Multi-plot figure of candidate differentially expressed genes, pathways and RT qPCR gene expression changes.

Figure 3 TNC transcriptomic profiles in NTG-induced CM rats following TA treatment. (A) Venn diagram showing overlapping and unique candidate DEGs among pairwise comparisons; (B) Volcano plots displaying exploratory candidate DEGs identified by pairwise group comparisons. Upregulated (red), downregulated (blue); (C) Selected KEGG enriched pathway presented for comparisons between the VEH and NTG groups, and the NTG and NTG+TA groups; (D) RT-qPCR validation of the expression levels of selected candidate DEGs, including S100a4 and Vamp8, in TNC tissues; Each dot represents an individual rat. Brackets indicate the compared groups. ***adjusted P < 0.001, ****adjusted P < 0.0001.

KEGG pathway analysis further explored the potential biological functions associated with these candidate DEGs. The candidate DEGs between the VEH and NTG groups revealed enrichment in pathways such as neuroactive ligand-receptor interaction, long-term depression, cGMP-PKG signaling pathway, and platelet activation (Figure 3C, Supplementary Table 5). In contrast, the candidate DEGs between the NTG and NTG+TA groups were mainly enriched in pathways, including serotonergic synapse, complement and coagulation cascades, chemokine signaling pathway, cAMP signaling pathway, TGF-beta signaling pathway, NOD-like receptor signaling pathway, among others (Figure 3C, Supplementary Table 5).

In addition, 28 immune-related candidate DEGs identified in the comparison of NTG+TA and NTG groups (Table 1) were used for subsequent integrative analysis to explore potential associations between gene expression and gut microbiota.
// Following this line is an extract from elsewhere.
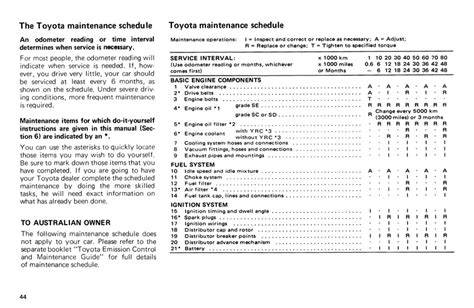 Toyota Celica Owners Manual 1976 Au Page 44 100dpi Retro Jdm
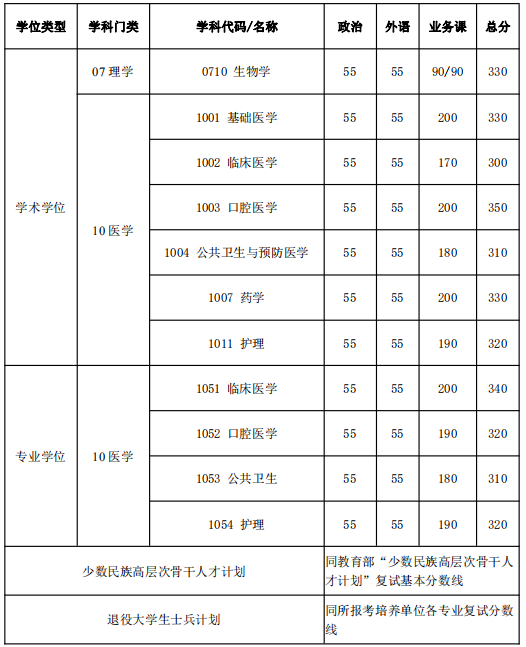 2023上海交通大学研究生分数线一览表（含2021-2022历年复试）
Table 1 28 Immune-Related Candidate DEGs Identified in the NTG+TA Group Compared to the NTG Group

Exploratory Analysis of Fecal and Plasma SCFA Profiles Following TA Treatment in CM Rats

The fecal SCFA levels, including isobutyric acid, propionic acid, acetic acid, butyric acid, isovaleric acid, valeric acid, as well as caproic acid, are shown in Figure 4A and Supplementary Table 6. Our findings revealed higher levels of acetic acid in the NTG vs. VEH group, with a subsequent decrease observed only after TA treatment (MD = −1028, 95% CI [−1815, −241.4], adjusted P = 0.0078). Similarly, propionic acid levels were elevated in the NTG group compared to the VEH group but decreased after acupuncture treatment (adjusted P>0.05, Supplementary Table 6). Due to quality control issues, only four plasma samples per group qualified for the final analysis. Nevertheless, the distribution of SCFAs in plasma closely aligned with their level in fecal samples across all groups (Figure 4B, Supplementary Table 6).

Bar charts showing fecal and plasma SCFA concentrations across four treatment groups in NTG-induced CM rats.
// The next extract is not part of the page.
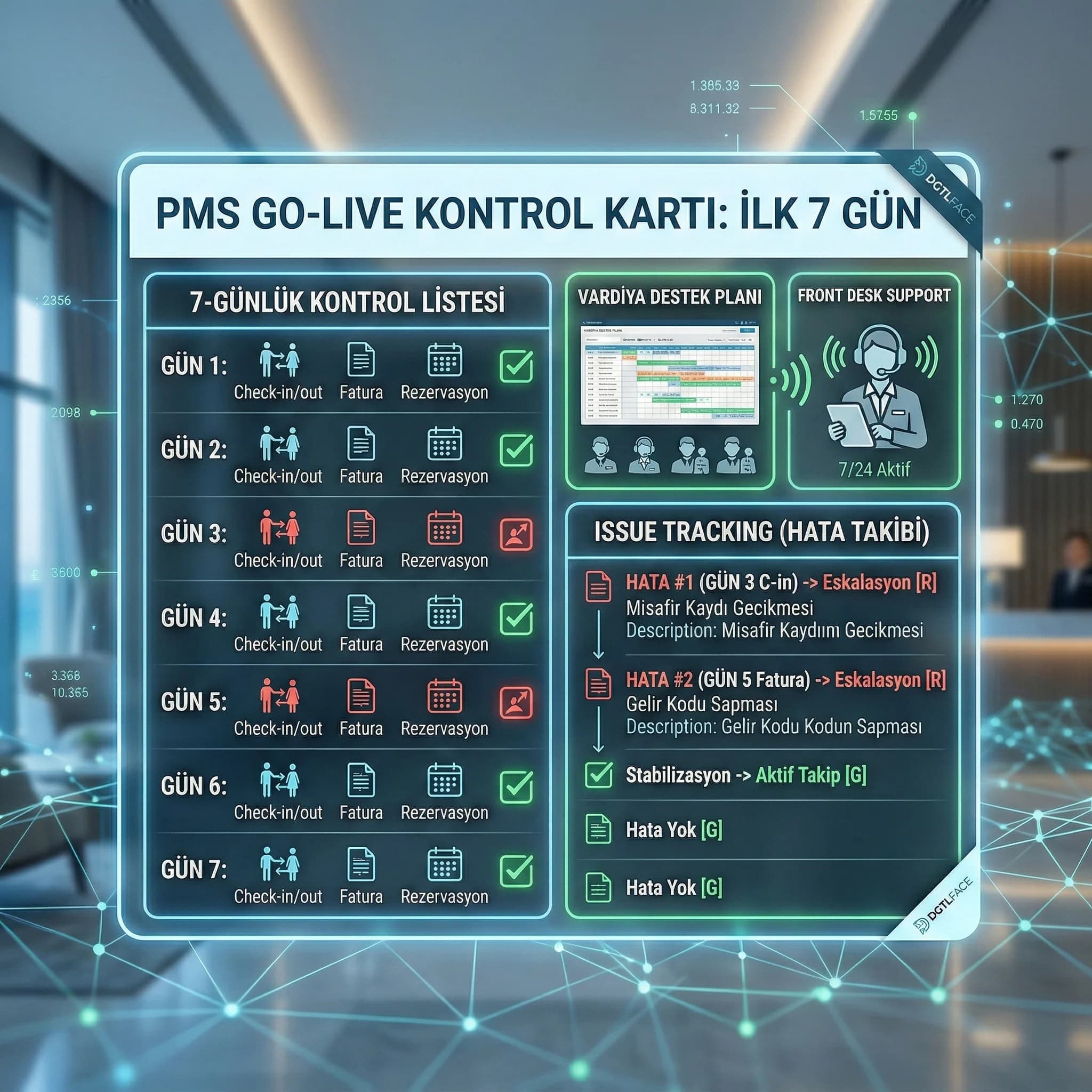 PMS go-live akış diyagramı, dry run-parallel run-canlı geçiş adımları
Figure 4 Fecal and plasma SCFA profiles in NTG-induced CM rats following acupuncture treatment. (A) Fecal concentrations of isobutyric acid, propionic acid, acetic acid, butyric acid, isovaleric acid, valeric acid, and caproic acid in the VEH, NTG, NTG+TA, and NTG+SA groups; (B) Plasma concentrations of isobutyric acid, propionic acid, acetic acid, butyric acid, isovaleric acid, valeric acid, and caproic acid in the VEH, NTG, NTG+TA, and NTG+SA groups. n=6 per group for fecal SCFAs and n=4 per group for plasma SCFAs. Data are presented as mean ± SD, and each dot represents an individual fecal or plasma sample from one rat. *adjusted P < 0.05, **adjusted P < 0.01, ***adjusted P < 0.001. Only significant bracketed comparisons are annotated in the figure; full adjusted P values and effect estimates are provided in Supplementary Table 6.
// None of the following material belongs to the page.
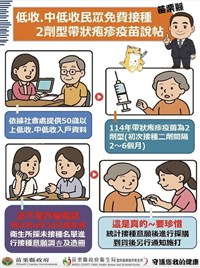 免費接種帶狀疱疹疫苗 苗縣採先調查意願再採購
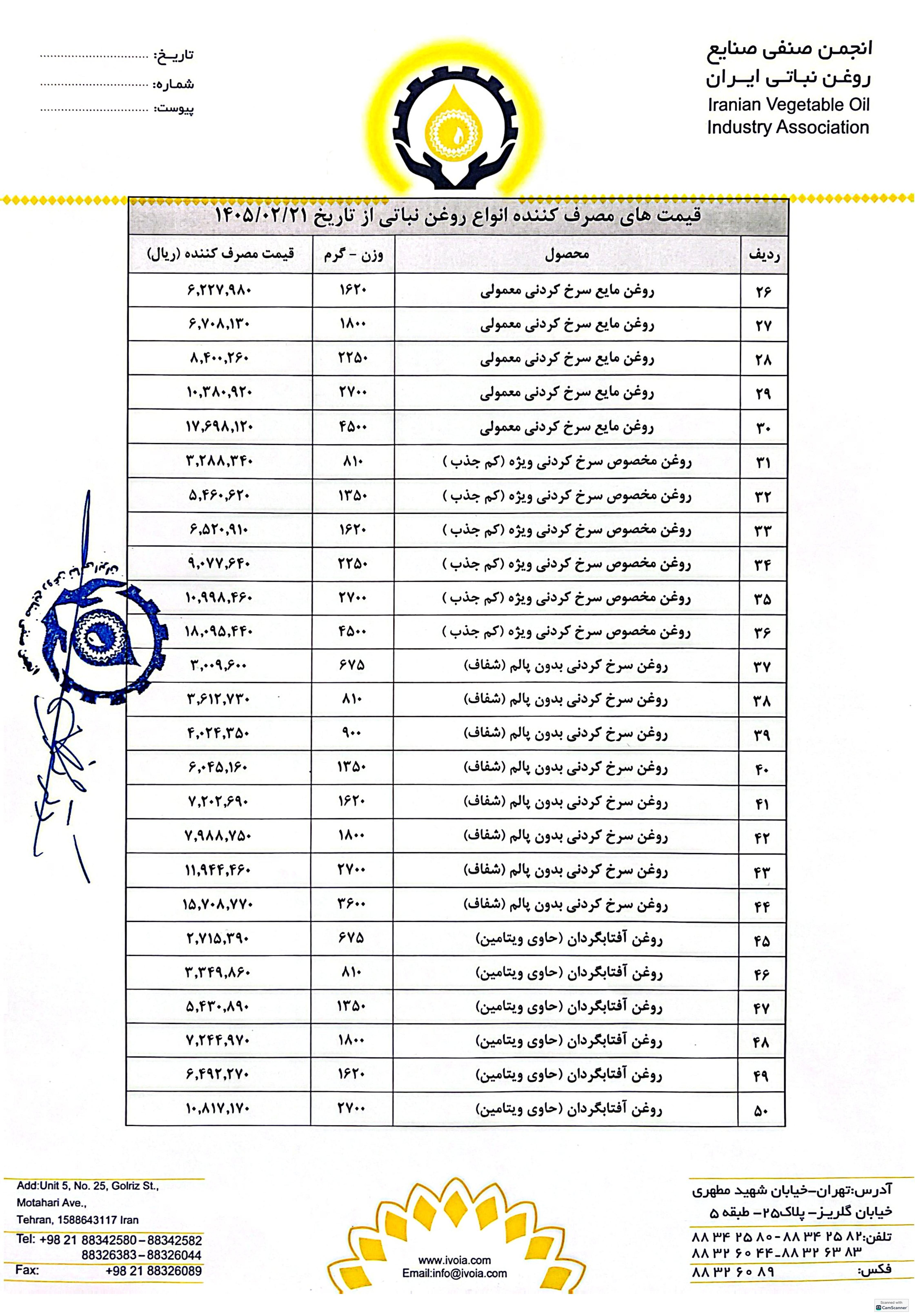 لیست قیمت جدید انواع روغن نباتی در سطح کشور اعلام شد (۲۲ اردیبهشت ۱۴۰۵)+ جزئیات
Exploratory Correlation Analysis Among Gut Microbiota, Fecal SCFAs, and Immune-Related Genes

Given the well-established reciprocal influence between gut microbiota and metabolic profiles,49,50 we conducted a correlation analysis between the gut microbiota and fecal SCFAs. The heatmap (Figure 5A, Supplementary Table 7) shows that the identified bacterial taxa at the species level were associated with SCFAs to varying degrees. Notably, a remarkable negative correlation was seen between acetic acid and Parabacteroides goldsteinii (P=0.0029). Propionic acid exhibited a negative correlation with Bacteroides uniformis and Ruminococcus sp WAL 17306 (P<0.05).

Mixed plots showing two correlation heatmaps and eight scatterplots of gut microbiota with fecal SCFAs and genes.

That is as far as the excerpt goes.